Trains a 1D CNN classifier on the split data and evaluates it on the test set:
python cnn_1d_train.pyThe script will automatically use CUDA, Apple MPS, or CPU depending on what is available. Outputs are saved to build/cnn_1d/:
| File | Description |
|---|---|
model.pt |
Best model weights (saved at lowest validation loss) |
metrics.json |
Classification report, hyperparameters, and training summary |
training_curves.png |
Loss and accuracy per epoch for train and validation |
confusion_matrix.png |
Normalised confusion matrix on the test set |
roc_curves.png |
One-vs-rest ROC curves with AUC per class |
Training uses class-weighted cross-entropy loss to account for the class imbalance, and stops early if validation loss does not improve for 10 consecutive epochs.
Trains a 1D ResNet classifier on the split data and evaluates it on the test set:
python resnet_1d_train.pyThe ResNet uses residual skip connections across 4 layers (64 → 128 → 256 → 512 channels), making it deeper and more expressive than the 1D CNN. Outputs are saved to build/resnet_1d/:
| File | Description |
|---|---|
model.pt |
Best model weights (saved at lowest validation loss) |
metrics.json |
Classification report, hyperparameters, and training summary |
training_curves.png |
Loss and accuracy per epoch for train and validation |
confusion_matrix.png |
Normalised confusion matrix on the test set |
roc_curves.png |
One-vs-rest ROC curves with AUC per class |
Training uses class-weighted cross-entropy loss to account for the class imbalance, and stops early if validation loss does not improve for 10 consecutive epochs.

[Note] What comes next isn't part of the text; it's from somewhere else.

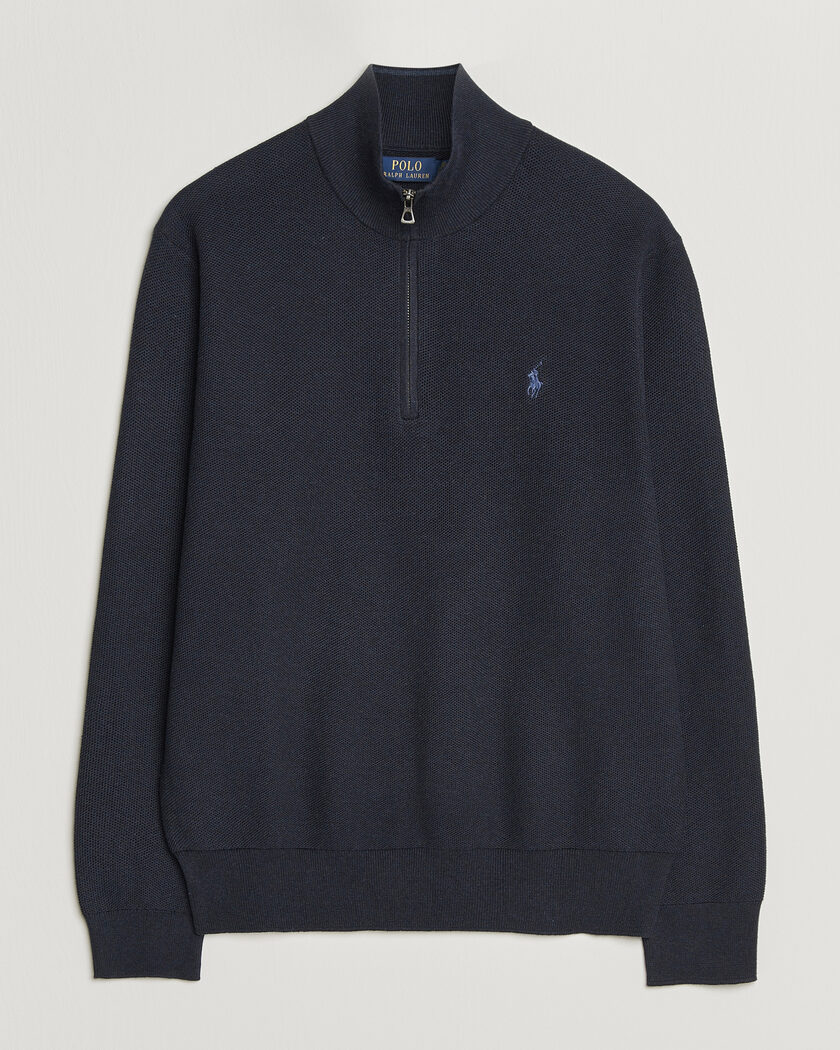 Polo Ralph Lauren Textured Half-Zip Navy Heather – Blauw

Trains an XGBoost gradient boosted tree classifier on the split data and evaluates it on the test set:
python xgboost_train.pyUnlike the deep learning models, XGBoost operates directly on the flat 187-sample feature vector with no GPU required. Outputs are saved to build/xgboost/:
| File | Description |
|---|---|
model.json |
Saved XGBoost model (native format) |
metrics.json |
Classification report, hyperparameters, and best boosting round |
training_curves.png |
Log-loss per boosting round for train and validation |
confusion_matrix.png |
Normalised confusion matrix on the test set |
roc_curves.png |
One-vs-rest ROC curves with AUC per class |
feature_importance.png |
Top-30 time-step positions by gain — shows which part of the ECG beat is most discriminative |
Training uses class-balanced sample weights to account for class imbalance, and stops early if validation log-loss does not improve for 20 consecutive boosting rounds.
Prints a side-by-side comparison of all trained models to the console:
python summary.pyDisplays the following metrics for each model, with the best value highlighted green and worst red per row:
| Metric | Description |
|---|---|
| Accuracy | Overall fraction of correct predictions on the test set |
| Macro F1 | Unweighted mean F1 across all three classes |
| Macro Precision | Unweighted mean precision across all three classes |
| Macro Recall | Unweighted mean recall across all three classes |
| Weighted F1 | F1 weighted by class support |
| Training Time | Wall-clock time for the training loop |
| Epochs / Rounds | Epochs trained (CNN, ResNet) or boosting rounds (XGBoost) |
Per-class precision, recall, F1, and support are also shown for Normal, Abnormal, and Noisy/Unknown.